Era assim que se dizia naquele tempo.
Minha
mãe, nunca me falou sobre solidariedade, caridade ou fosse lá o que fosse, mas
do pouco que tínhamos partilhávamos com quem vinha bater à porta da nossa
pequena habitação, no típico Bairro de Troino, maioritariamente habitado por
gente que retirava o seu sustento das frias águas do mar.
Foi
nessa altura que aprendi a diferenciar a mão direita da esquerda. Quando minha
mãe me mandava entregar a moeda de um tostão ou dois tostões à “pobrezinha” que
aguardava pela esmola junto à soleira da porta de entrada de nossa casa. Dizia minha mãe: “entrega com a mão do lado de
cá” ou seja, a que ficava na direção da cozinha onde nos encontrávamos.
De
facto nesse período eram duras as condições de vida das pessoas que viviam ou
sobreviviam com parcos recursos e praticamente sem qualquer tipo de assistência
social pública ou privada.
Os
tempos passaram, a ditadura caiu naquela agradável manhã da primavera, no dia
25 de Abril de 1974. Como país deixamos de estar “orgulhosamente sós” para
passar a estar agradavelmente acompanhados de várias nações europeias, não numa
federação, mas numa união.
Deixamos
também de ter defeso da pesca da sardinha, porque esta partiu para outras
paragens e porque os barcos com que os setubalenses pescavam, tal como todos os
outros pescadores foram abatidos, segundo diretivas da tal União.
Por
outro lado quase que por magia, num curto espaço de tempo deixamos de ser
pobres e começamos a pensar que éramos ricos. Mas… o mesmo mago que nos
transformou de pobres em ricos a determinado momento resolveu de novo brincar e,
vai daí, voltou a transformar-nos de ricos em pobres.
Mas
esta coisa de passar de “cavalo para burro” é mais complicado… e os novos pobres,
a grande maioria que nem sequer sabia o que isso era encontra-se agora confrontada com sérios problemas, não só
de adaptação à nova condição, mas sobretudo ao verem-se a braços com
endividamentos para que foram empurrados pelas banca, sociedades financeiras e
outras empresas do mesmo tipo.
Muitos
de nós falamos, opinamos, porém desconhecemos muito da cruel e triste realidade
que se vive paredes meias connosco. E, é assim que com a maior tristeza,
constato que passados tantos anos, hoje sou confrontado com novos “pobrezinhos”
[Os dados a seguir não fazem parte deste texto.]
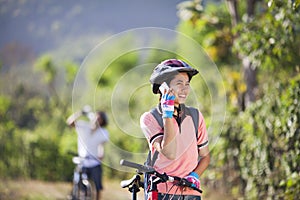 Couple cyclists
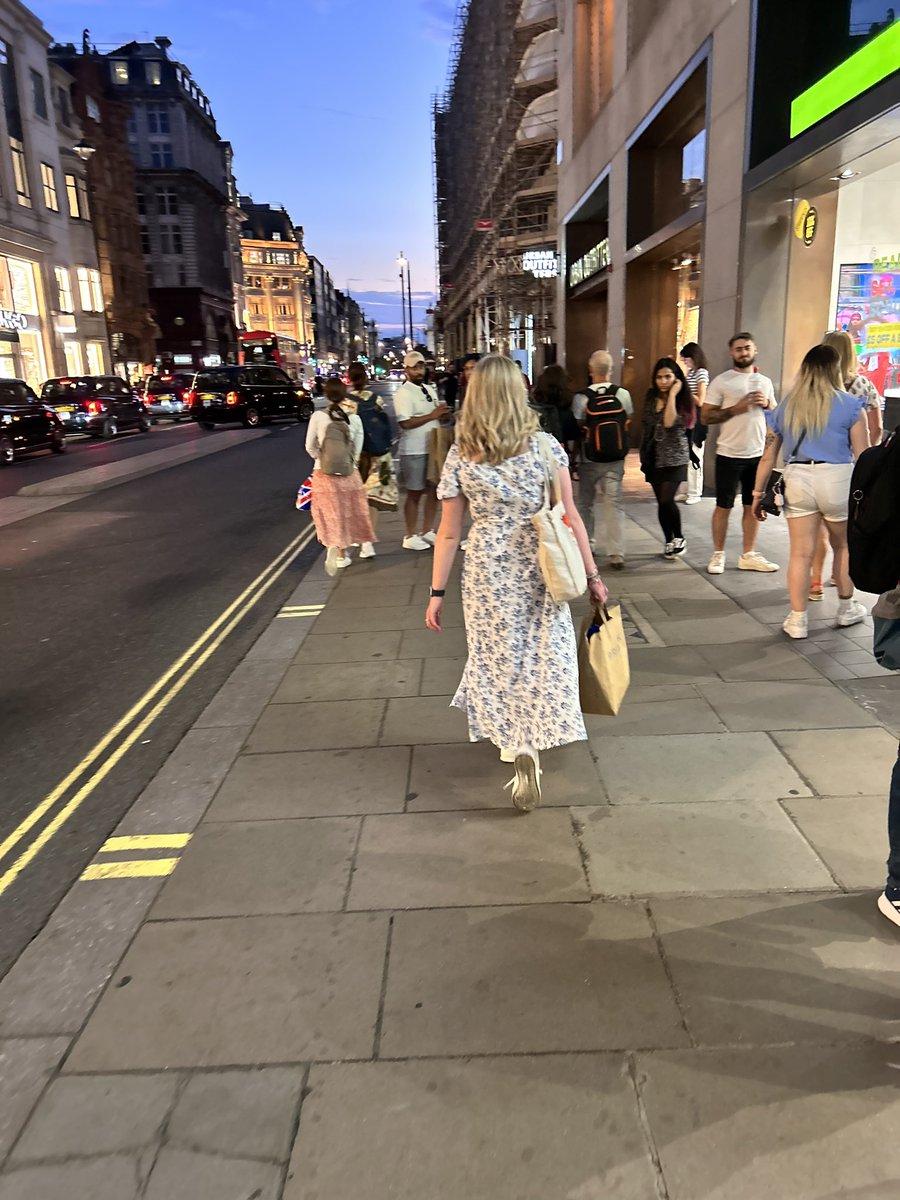 Lilly Webb tweet media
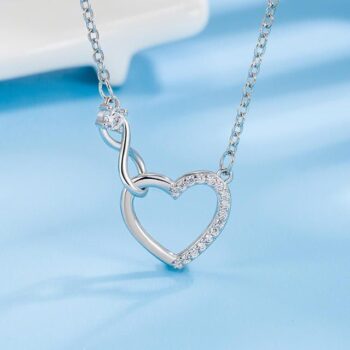 925 Sterling Silver Zircon Heart Interlocking Necklace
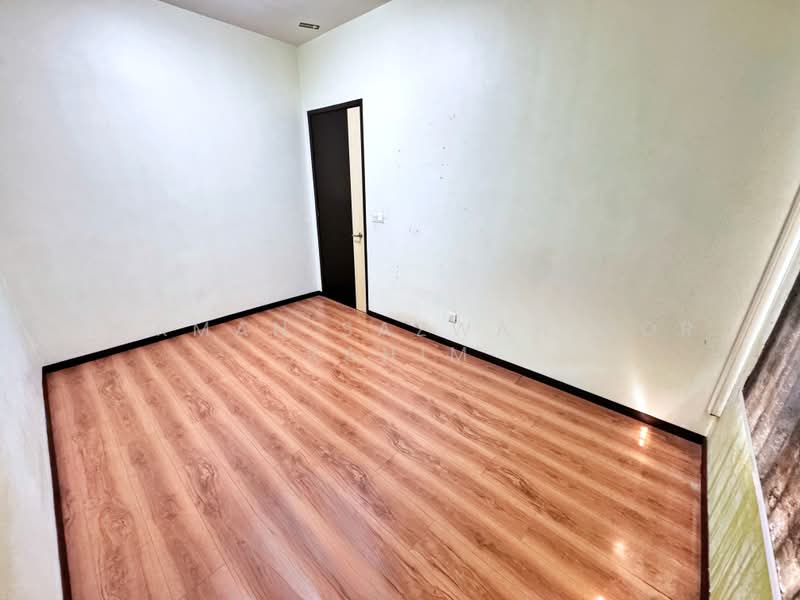 3-storey Terraced House for Sale in Taman Tropika 2 (Kajang) - Herman Sazwan Nor Rahim - Bedroom - PropertyGuru.com.my
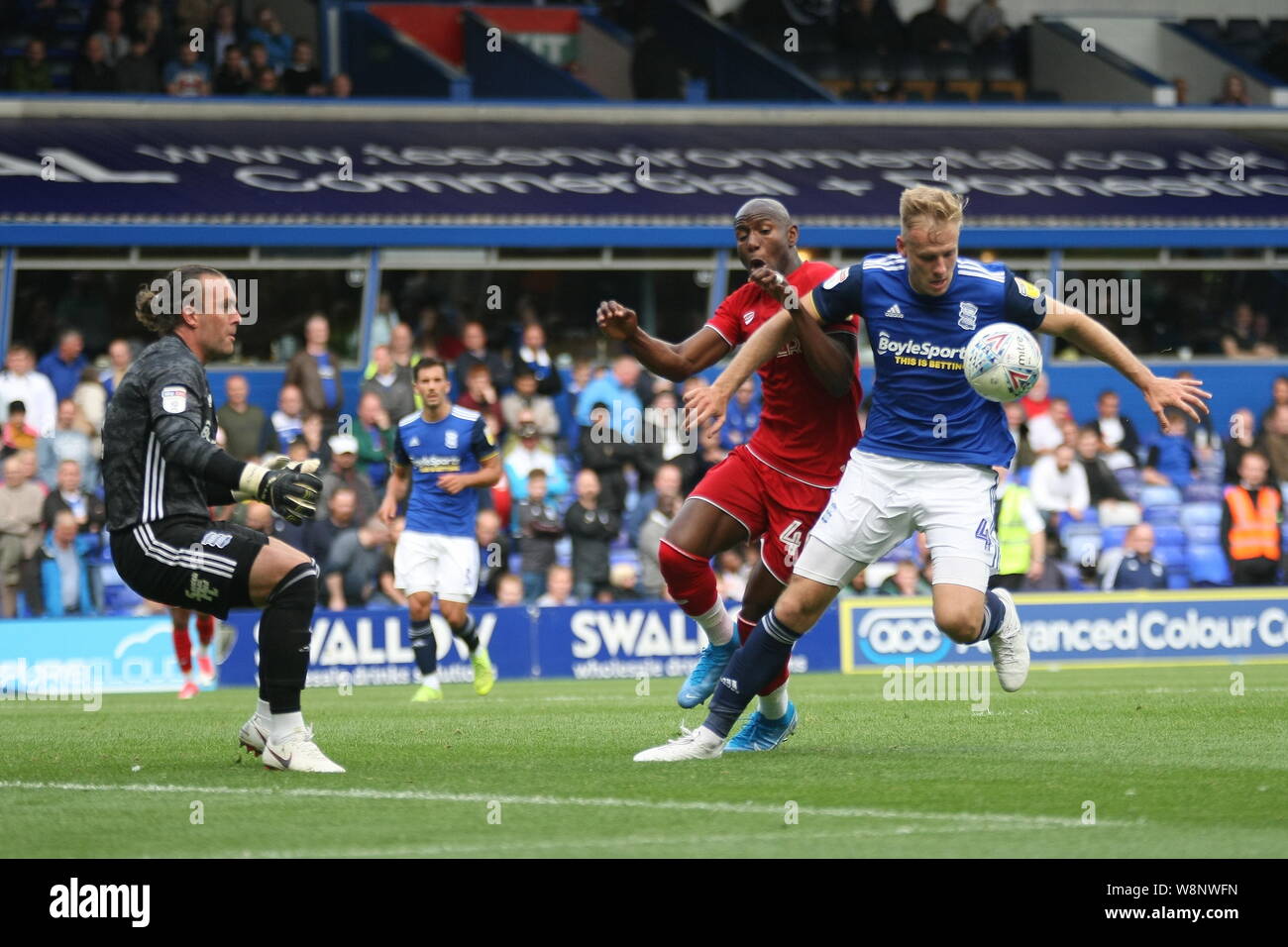 Birmingham, UK. 10 août, 2019. Marc Roberts de Birmingham City en un défi à Benik Afobe de Bristol City pendant le ciel parier match de championnat entre Birmingham City et la ville de Bristol à St Andrews, Birmingham le samedi 10 août 2019. (Crédit : Simon Newbury | MI News) usage éditorial uniquement, licence requise pour un usage commercial. Photographie peut uniquement être utilisé pour les journaux et/ou magazines des fins éditoriales Crédit : MI News & Sport /Alamy Live News Banque D'Images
que mais do que uma vez por semana vem bater-me à porta de casa, tal como
acontecia à perto de sessenta anos.
Mas
a minha maior tristeza reside no facto de numa das típicas ruas do meu querido
Bairro de Troino, à noite, quando muitos de nós escutam as notícias, jantam, ou
se ocupam das mais diversas atividades na internet, dezenas, ou centenas de
pessoas fazerem fila para recolher uma refeição que caridosas mãos solidariamente
amigas preparam voluntariamente para os nossos conterrâneos.
Ao
ver este triste cenário na minha pobre terra, veio-me à mente a tal “pobrezinha”
no tempo do “orgulhosamente sós” em contraponto com todos estes novos “pobrezinhos” agora que estamos tão bem
acompanhados.
Apenas
uma palavra para definir esta situação: INADMISSÍVEL!!!